RECORDS section start

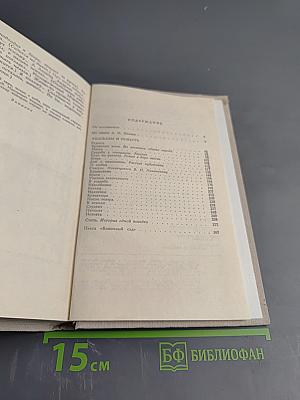 В человеке должно быть все прекрасно...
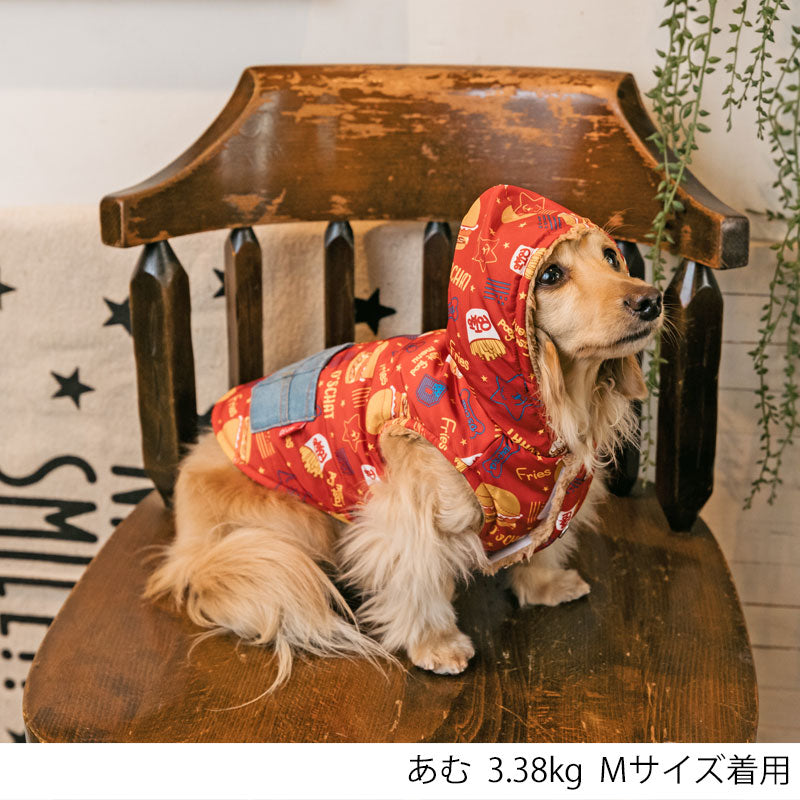 ファストフード柄ふわふわコート XS/S/M/L/DS/DM/XL/XXL D's Chat-ディーズチャット- 犬服 ドッグウェア 小型犬 トイプードル チワワ ポメラニアン DS22AW ds162155-1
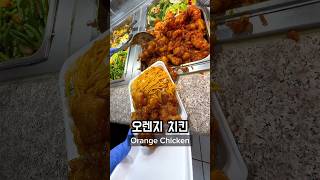 Eating Chinese Food Takeout in USA 🇺🇸🍴 usa america mukbang [upl. by Nalyt]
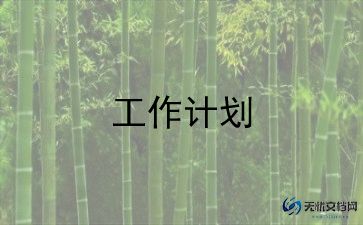 中班有关船的教案5篇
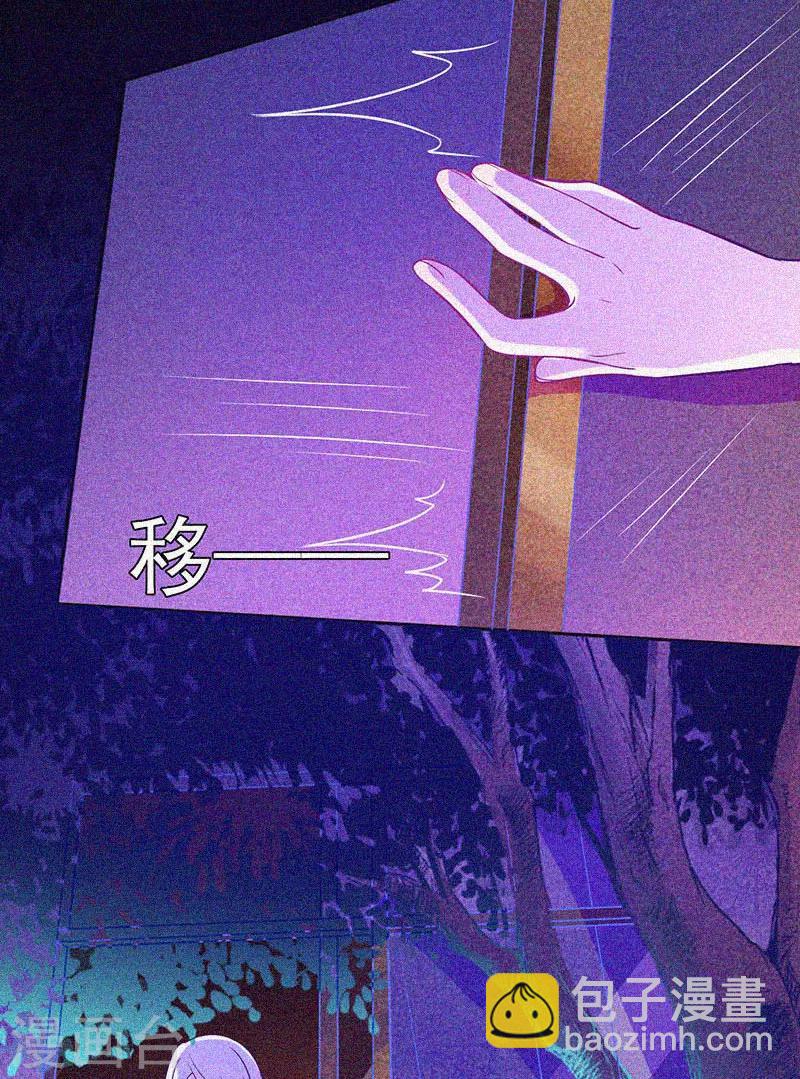 第21话 线索(1/2)-第22话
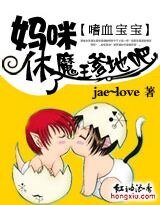 嗜血宝宝：妈咪，休了魔王爹地吧
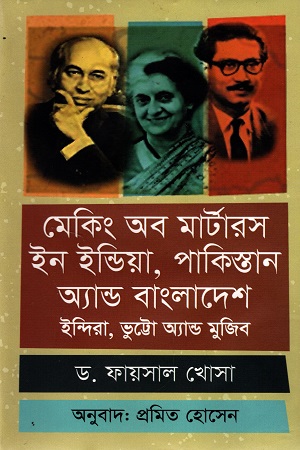 [9789849638902] মেকিং অব মার্টারস ইন ইন্ডিয়া, পাকিস্তান অ্যান্ড বাংলাদেশ : ইন্দিরা, ভুট্টো অ্যান্ড মুজিব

RECORDS section end

#### REQUIREMENT:
Please reproduce the records above exactly, omitting every picture.

#### RESULT OF THE EXERCISE:
 В человеке должно быть все прекрасно...
 ファストフード柄ふわふわコート XS/S/M/L/DS/DM/XL/XXL D's Chat-ディーズチャット- 犬服 ドッグウェア 小型犬 トイプードル チワワ ポメラニアン DS22AW ds162155-1
 Eating Chinese Food Takeout in USA 🇺🇸🍴 usa america mukbang [upl. by Nalyt]
 中班有关船的教案5篇
 第21话 线索(1/2)-第22话
 嗜血宝宝：妈咪，休了魔王爹地吧
 [9789849638902] মেকিং অব মার্টারস ইন ইন্ডিয়া, পাকিস্তান অ্যান্ড বাংলাদেশ : ইন্দিরা, ভুট্টো অ্যান্ড মুজিব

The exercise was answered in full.